(WHAT IS EXPECTED):
Your answer should repeat exactly the lines from the one holding "Isolated Blond Hovawart" through the end of the data, and it should contain no pictures.

(AVAILABLE DATA):
Start of Block

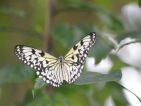 Lomdyn-wystawa-Free-Range-2013-102-1024x680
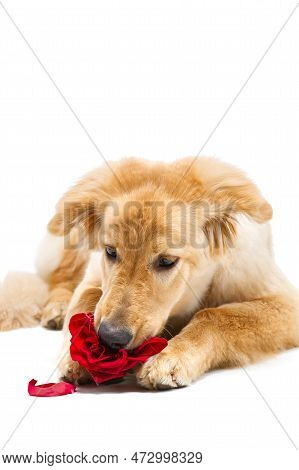 Isolated Blond Hovawart Puppy. Studio Shot Of A Cute Hovawart Puppy. Golden Retriever Puppy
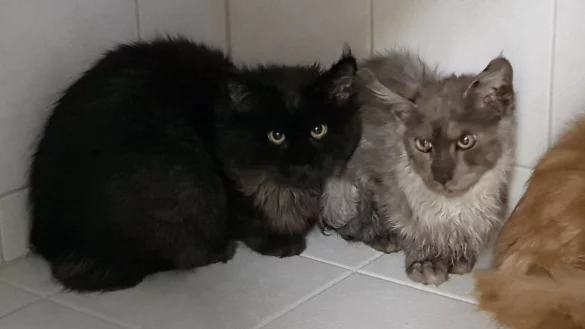 - &copy; Facebook Tierheim Eichenhof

End of Block

(SOLUTION TO THIS EXERCISE):
 Isolated Blond Hovawart Puppy. Studio Shot Of A Cute Hovawart Puppy. Golden Retriever Puppy
 - &copy; Facebook Tierheim Eichenhof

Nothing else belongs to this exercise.